Ricotta is easy and inexpensive to make. (Kate Lawson / The Detroit News)
Fresh ricotta cheese is one of my favorite indulgences. I use it in a variety of dishes or simply enjoy it drizzled with olive oil, salt and pepper and smeared on a slice of toasted baguette. I don’t care for the processed kind, rather seeking out the block of fresh cheese at a specialty market.
But last week when I went to purchase some, I did a double take at the price. Somehow this indulgence didn’t fit my budget and I had to pass it by. I remembered reading about a recipe for making ricotta at home, so I did some research and at my next market visit, I purchased a half-gallon of whole milk instead. Then I got busy making my own fresh ricotta.
The process is easy: Simply bring the milk to a high temperature (but not boiling), add lemon juice or vinegar and some salt, strain and chill. My first attempt was a huge success, and my only difficulty was keeping my self-restraint, as I could’ve consumed the whole batch in one sitting.
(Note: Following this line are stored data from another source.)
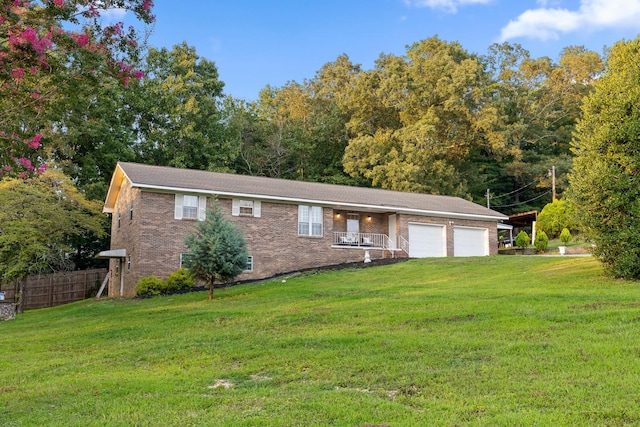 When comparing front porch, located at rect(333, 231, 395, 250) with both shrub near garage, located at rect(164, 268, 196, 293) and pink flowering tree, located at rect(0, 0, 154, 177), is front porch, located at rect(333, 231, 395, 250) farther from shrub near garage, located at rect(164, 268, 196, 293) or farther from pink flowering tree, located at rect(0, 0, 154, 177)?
pink flowering tree, located at rect(0, 0, 154, 177)

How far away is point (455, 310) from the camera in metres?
10.3

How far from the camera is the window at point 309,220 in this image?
79.3 ft

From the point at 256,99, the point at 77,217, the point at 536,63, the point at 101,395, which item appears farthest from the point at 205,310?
the point at 536,63

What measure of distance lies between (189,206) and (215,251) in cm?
622

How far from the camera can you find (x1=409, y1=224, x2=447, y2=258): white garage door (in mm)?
26469

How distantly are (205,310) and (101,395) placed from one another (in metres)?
7.27

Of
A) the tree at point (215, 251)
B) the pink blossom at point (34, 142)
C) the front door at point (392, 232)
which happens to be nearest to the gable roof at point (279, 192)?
the front door at point (392, 232)

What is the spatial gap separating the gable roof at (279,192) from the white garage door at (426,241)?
2.56 ft

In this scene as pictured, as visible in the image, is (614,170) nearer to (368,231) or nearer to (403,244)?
(403,244)

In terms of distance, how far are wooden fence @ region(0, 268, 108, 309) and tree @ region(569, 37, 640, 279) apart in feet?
76.2

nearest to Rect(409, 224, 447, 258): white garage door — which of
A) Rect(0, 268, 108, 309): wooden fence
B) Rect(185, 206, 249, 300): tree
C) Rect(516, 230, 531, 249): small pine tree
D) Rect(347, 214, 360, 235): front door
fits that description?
Rect(347, 214, 360, 235): front door

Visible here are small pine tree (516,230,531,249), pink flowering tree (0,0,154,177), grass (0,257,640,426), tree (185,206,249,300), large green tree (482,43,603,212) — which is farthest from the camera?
large green tree (482,43,603,212)

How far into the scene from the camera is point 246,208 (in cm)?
2302

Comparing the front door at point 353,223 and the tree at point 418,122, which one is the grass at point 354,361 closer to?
the front door at point 353,223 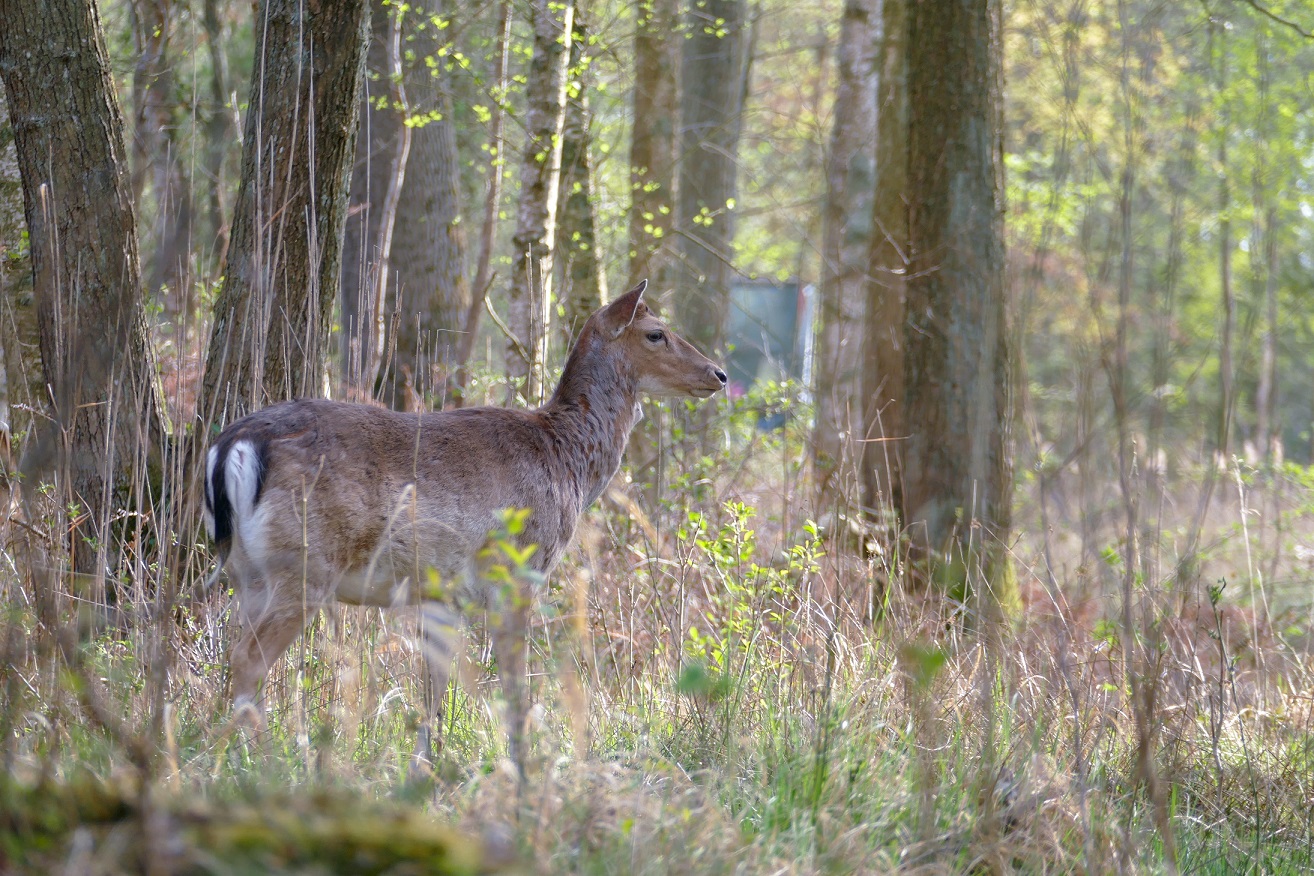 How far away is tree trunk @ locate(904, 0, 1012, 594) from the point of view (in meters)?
6.97

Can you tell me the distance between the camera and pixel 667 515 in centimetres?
714

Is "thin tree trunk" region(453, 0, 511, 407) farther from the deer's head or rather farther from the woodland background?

After I smeared some on several baguette slices, I added some to a salad and used some in my favorite lasagna recipe. This fresh ricotta is also in the lentil meatball recipe on today’s meatball story.
This is nice to have on hand in the fridge, as it keeps for up to a week. You won’t catch me purchasing the store ricotta anymore, not when it’s so easy — and affordable — to make my own.
Recipe adapted from Epicurious
½ gallon whole milk, not UHT pasteurized (see note)
1⁄3 cup lemon juice (from 1 ½ to 2 lemons) or 1⁄3 cup distilled white vinegar
1 teaspoon salt, optional
Note: Pasteurized milk is fine to use for making ricotta, but using UHT (Ultra High Temperature) pasteurized milk changes the protein structure of the milk, preventing it from separating.
Pour the milk into a 4-quart pot and set it over medium heat. Let it warm gradually to 195-200 degrees F, monitoring the temperature with an instant-read thermometer. The milk will get foamy and start to steam; remove it from heat if it starts to boil. Remove the milk from heat, pour in the lemon juice or vinegar and the salt. Stir gently just to combine.
Let the pot of milk sit undisturbed for 10 minutes. After this time, the milk should have separated into clumps of milky white curds and thin, watery, yellow-colored whey — dip your slotted spoon into the mix to check. If you still see a lot of un-separated milk, add another tablespoon of lemon juice or vinegar and wait a few more minutes.
Set a strainer over a bowl and line the strainer with cheese cloth. Scoop the big curds out of the pot with a slotted spoon and transfer them to the strainer. Pour the remaining curds and the whey through the strainer. (Removing the big curds first helps keep them from splashing and making a mess as you pour.)
Let the ricotta drain for 10 to 60 minutes, depending on how wet or dry you prefer your ricotta. If the ricotta becomes too dry, you can also stir some of the whey back in before using or storing it.
Fresh ricotta can be used right away or refrigerated in an airtight container for up to a week. Makes 2 cups or 8 servings.
Per serving (per ¼ cup): 152 calories; 8 g fat (5 g saturated fat; 47 percent calories from fat); 12 g carbohydrates; 33 mg cholesterol; 410 mg sodium; 8 g protein; 0 g fiber.